On 3/17/2024 4:32 AM, Andrea Venturoli wrote:
On 3/15/24 19:17, mike tancsa wrote:
(da5:mpr0:0:15:0): SCSI sense: UNIT ATTENTION asc:29,0 (Power on,
reset, or bus device reset occurred)
Hello.
I know I'm probably blaming the wrong component, but is your PSU up to
the task?
How many drives do you have? Are they power-hungrier than the others
you tried (Samsung ???)?
Do you have a spare PSU to test/add?
Probably this is not the cause... still, before you bit farewell to
400 bucks...
hehe, thanks Andrea :) I too dont want to be out the money. Power
supply for sure is a good thing to check. In this case, the main server
chassis is sized with a couple of redundant 1000W power supplies that
should handle 12 full HDDs. Pretty sure in this case 6 SSDs should not
stress it beyond the point. But I had 2 other test boxes on the bench
and the one common variable seems to be the WDs.
I feel like this is a sunk cost I am pushing myself into, but I did do
some more testing. My co-worker came across this post which was
interesting.
https://forum.hddguru.com/viewtopic.php?f=10&t=43284
The very last entry says
"For WD BLUE SA 510 there are some problems with this type of SSD. This
YODA model
To fix the SSD if it is still recognized, use the firmware update tools.
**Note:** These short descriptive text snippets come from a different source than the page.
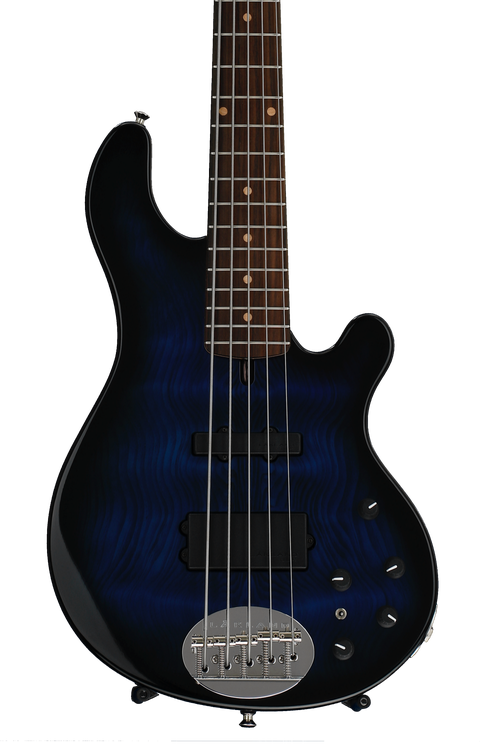 Lakland 55-94 Deluxe, Exotic Top - Blue Burst Douglas Fir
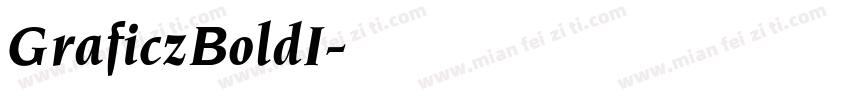 Graficz BoldI字体转换
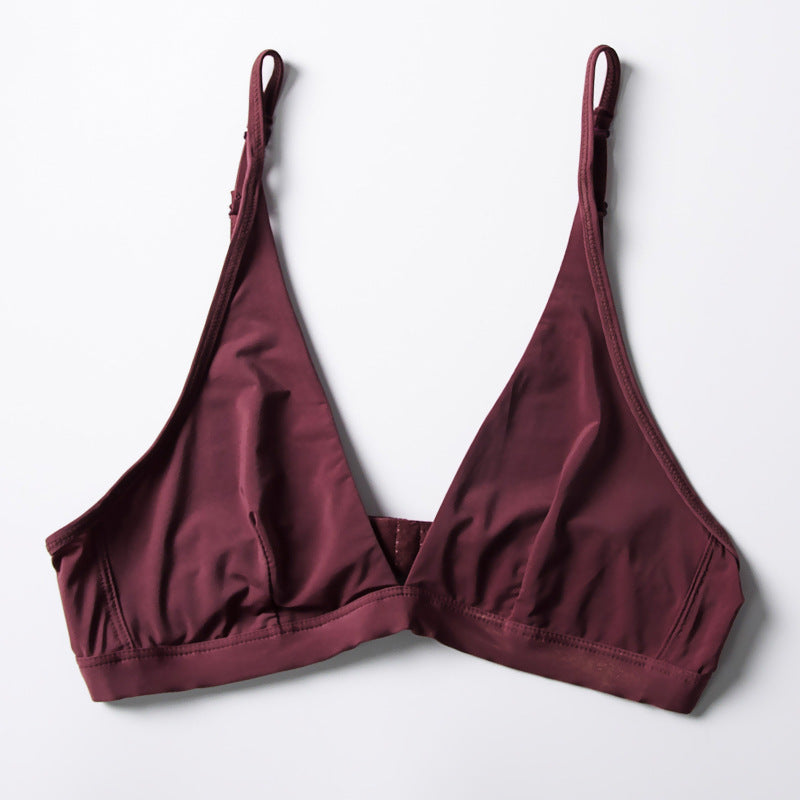 Women's Low-Cut Open-Back Wireless Bra | No Pad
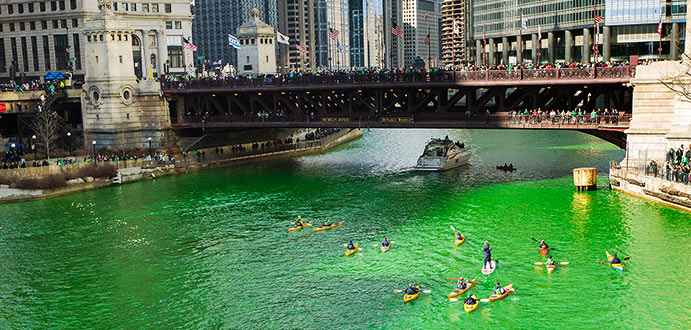 Saint Patrick Day in Chicago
And then do a secure erase or full wipe of the SSD. After this it will
work well. I can give you a link to this utility if it necessary. Also
ossible download it from manufacture FTP.
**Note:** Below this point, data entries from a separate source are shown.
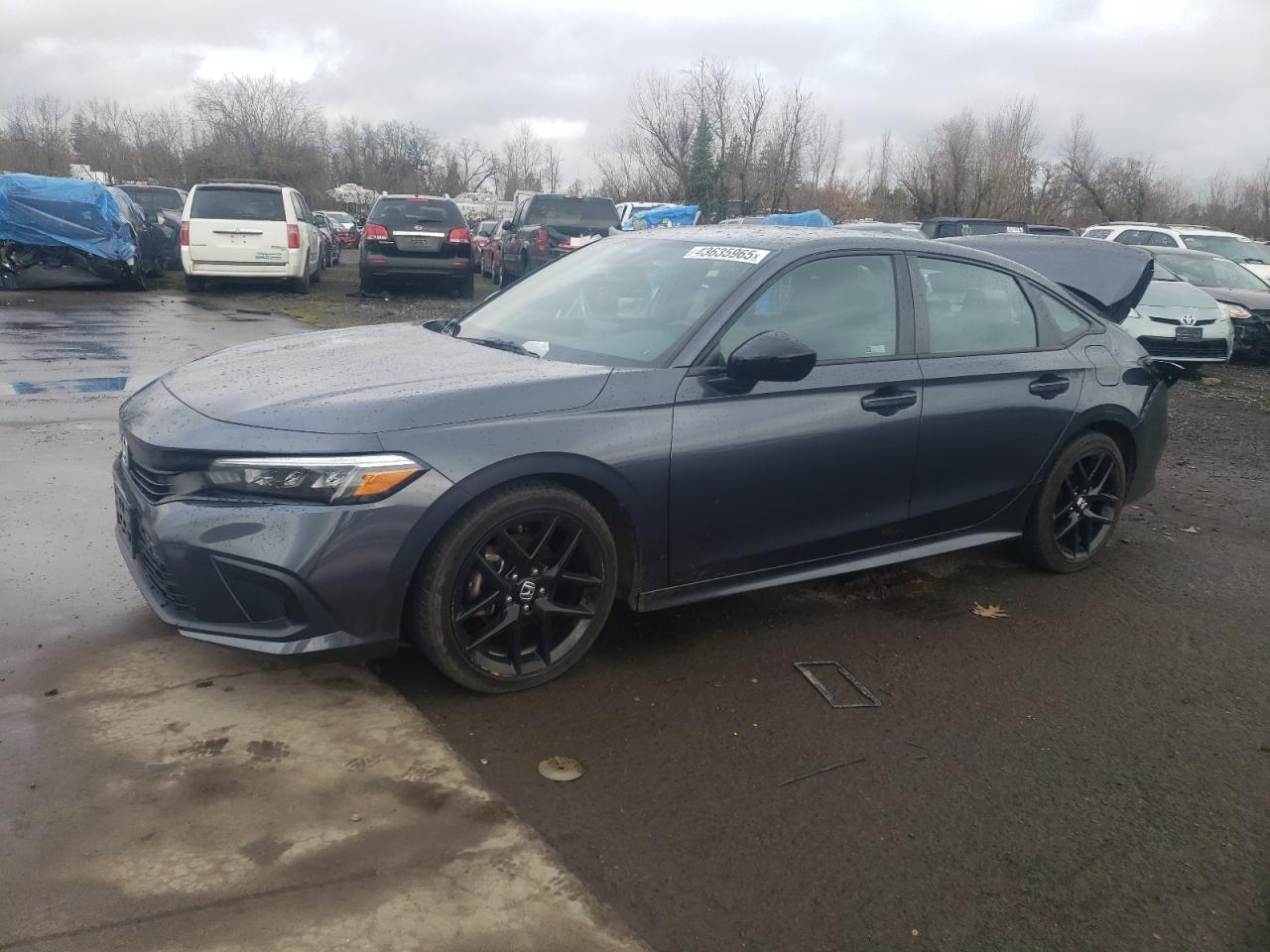 2022 Honda Civic VIN 2HGFE2F51NH564934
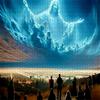 1000pcs/Puzzle Game - Enhancing Endurance And Logical Thinking - Exquisite Puzzle - (People Looking at The Sky with Divine Light Appearing in The Nigh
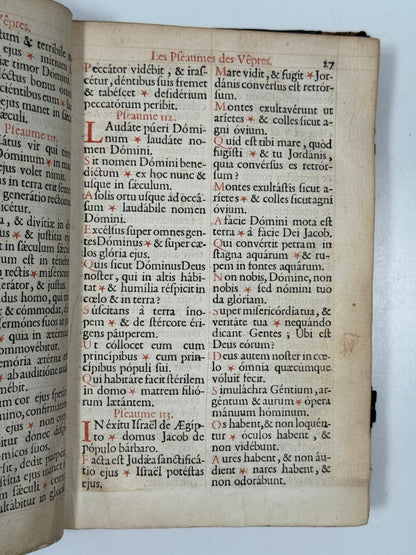 1686 Augustinian Breviary
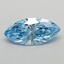 0.64 Ct. Fancy Vivid Blue Marquise Lab Grown Diamond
If it is not recognized by the computer or is identified as a SSD
device, there only one way, use production tools with new firmware to
begin the production process by testing the controller and NAND chip and
forming a translator. The SSD will be like brand new.
"
After I did the erase, the tests worked for a good 5 cycles and
performance was MUCH smoother and consistent. But then the drives
started to fail again. So I really wonder if TRIM has something to do
with it as my test is essentially writing a 250G data set with about 28
million txt files, destroying the dataset and then copying it again.
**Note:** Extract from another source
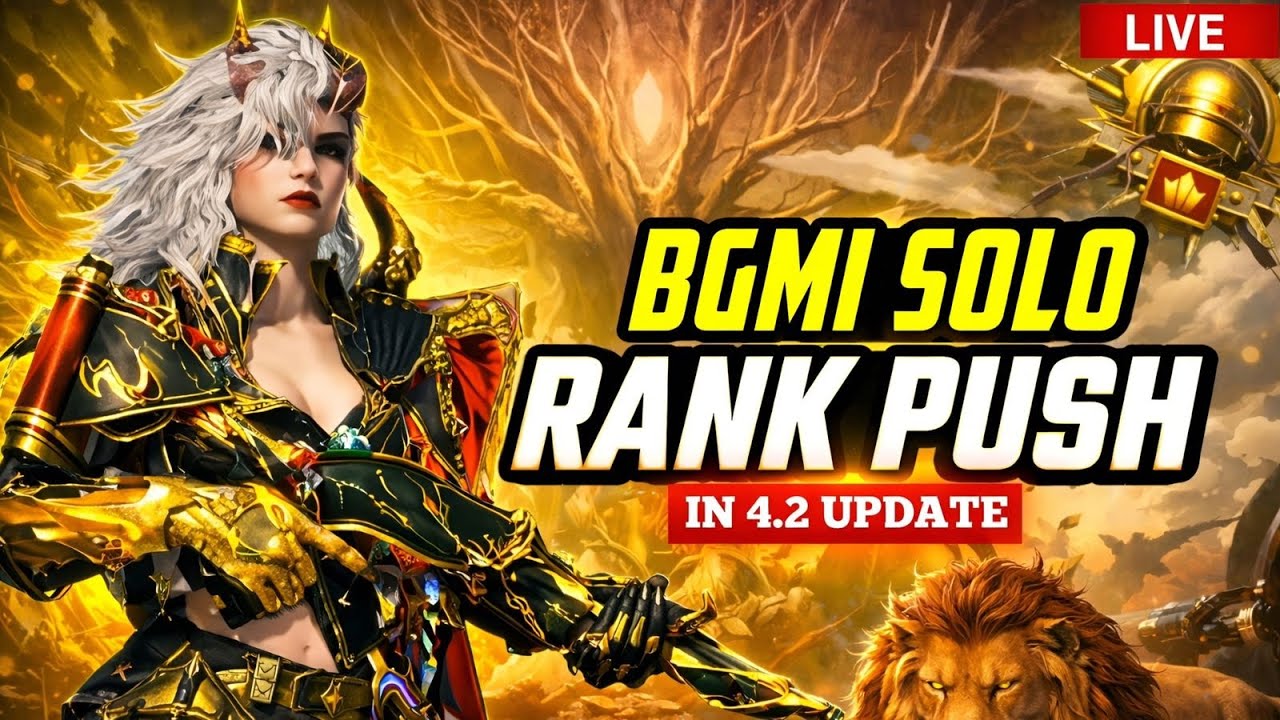 LIVE 🔴BGMI | FULL AGGRESSION SQUAD RUSH 🔥 
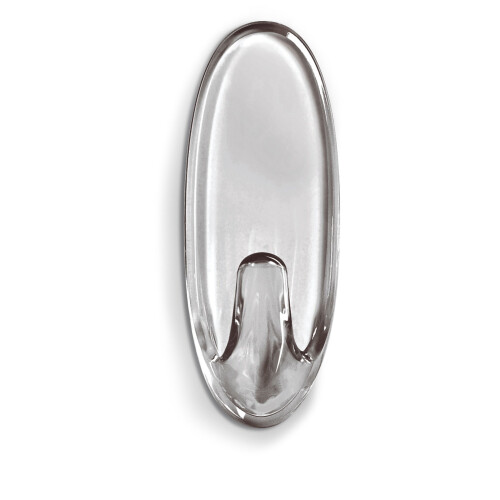 3M Command 17091CLR Medium Hooks with Strips - Clear, set of 2 2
I noticed these 2 commits for other drives. I wonder if the WD is having
similar issues.
https://cgit.freebsd.org/src/commit/?h=stable/14&id=bf11fee6a5cf97102f87695185cadb63d5a2a7de
and
https://cgit.freebsd.org/src/commit/?h=stable/14&id=50aa22323424ccea00ef5d8f24e729a480cc77eb
I hope you dont mind bcc'ing you Andriy. I noticed you only added the
NCQ quirks for CAM ata and not for CAM scsi. I am running into odd
issues with some WD drives and wondering if there is the same root
limitation of these WD SA 510 drives like the Samsungs ? However, in my
use of the Samsungs I have not been able to trigger these bugs so far.
---Mike